Anonymous wrote:Anonymous wrote:Anonymous wrote:OP, are you afraid to know how much your DCPS school sucks?
Is that the point of all this testing? Really?
Yes, really. It's a matrix people need to know about.
Anonymous wrote:Anonymous wrote:OP, are you afraid to know how much your DCPS school sucks?
Is that the point of all this testing? Really?
Anonymous wrote:What schools are focusing so hard on teaching to the test? My children’s schools do well as schools and my children do well individually. I am not aware of excessive or even special time being set aside for test prep. They teach the curriculum which includes math and reading comprehension. The worst that happens is the testing week.

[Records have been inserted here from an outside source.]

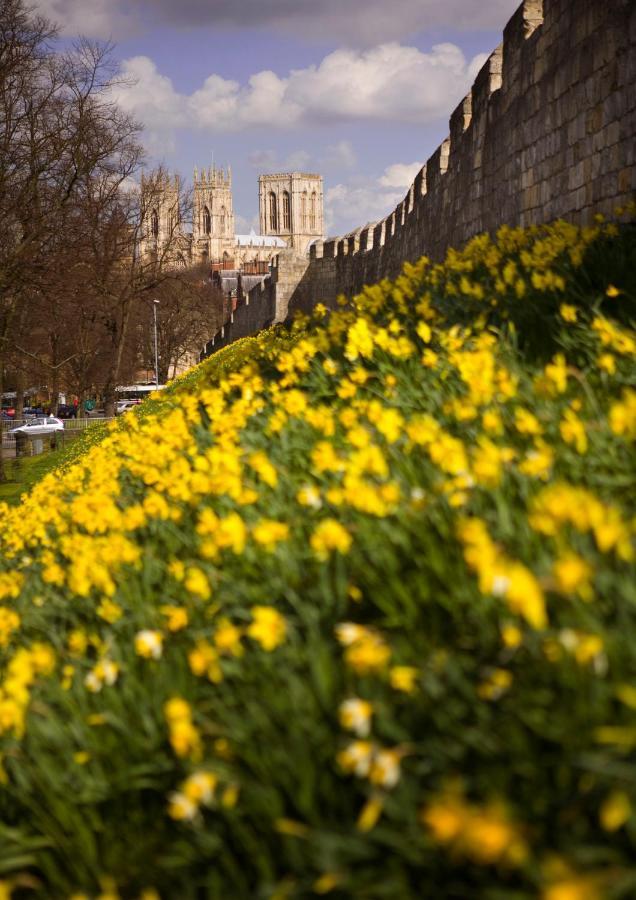 Shambles Suites In The Centre Of York, Sleeps 16 Bagian luar foto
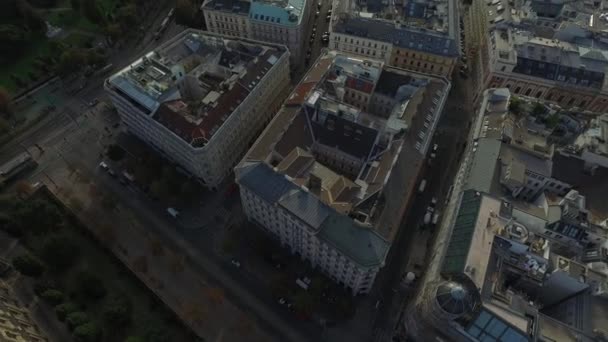 Antenne Der Neuen Burg Und Der Umliegenden Gebäude — Stockvideo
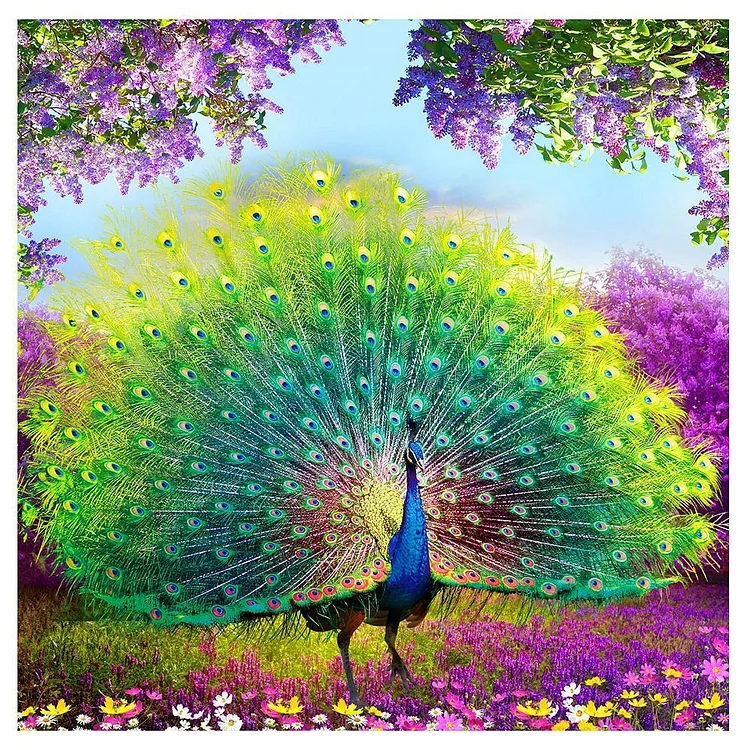 Peacock - Square Drill Diamond Painting - 35x35cm(Canvas)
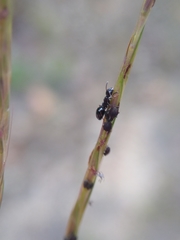 Dolichoderus quadripunctatus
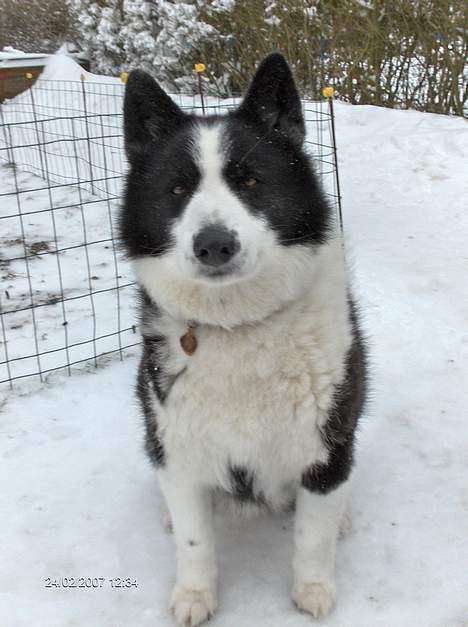 Karelsk bjørnehund Fellow (død 11 dec 2009) billede 14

Anonymous wrote:I don't mind the test, but there shoudln't be a need for test prep. Students just take the test whenever it comes up and the test prep is whatever they learned that year.
The time becomes more valuable in high school and shouldn't be wasted on test prep. In elementary school you have plenty of time to have classroom time and test time.
Anonymous wrote:OP, are you afraid to know how much your DCPS school sucks?
Anonymous wrote:The original links are about how other systems
are stopping them because they stink not because of how easy or hard they are. The main problem I have is the amount of time spend teaching to the test at the expense of spending that time on better ways to teach and a range of subjects. I don’t care that my kids can score a 5 on a stupid standardized test that they are trained like monkeys for and I do care that is happening at the expense of social studies, additional science, more creative and challenging language arts etc
Anonymous wrote:The "objective measure" we had in my day for ES and MS students was the Iowa Test of Basic Skills. We did no prep for this test, it could be taken in under two hours and was crafted and graded by a non-profit entity (the University of Iowa). No opt out movement developed around avoiding this test. The country could have stuck with a simple test of basic literacy and numeracy like that for the younger kids, along with the SAT, ACT, AP and International Baccalaureate exams for high school students.
High-stakes testing simply hasn't worked well to raise standards in our public schools. If you like to tout the merits of the high-performing school systems supported by economic competitor countries in Asia and Europe, then take a close look at what they do, rather than push testing as bandaid treatment. European countries tend to focus on alleviating child poverty in ways the US does not. Our competitors aren't afraid to academically track secondary school students, to ensure that the brightest and hardest working are appropriately challenged. They also aren't reluctant to accord teachers good training and high status professionally. Teacher pay doesn't tend to be better in other rich countries, but working conditions do. In Metro areas in China, the best teenage students are routinely invited to attend state-sponsored boarding schools for free. Etc. etc.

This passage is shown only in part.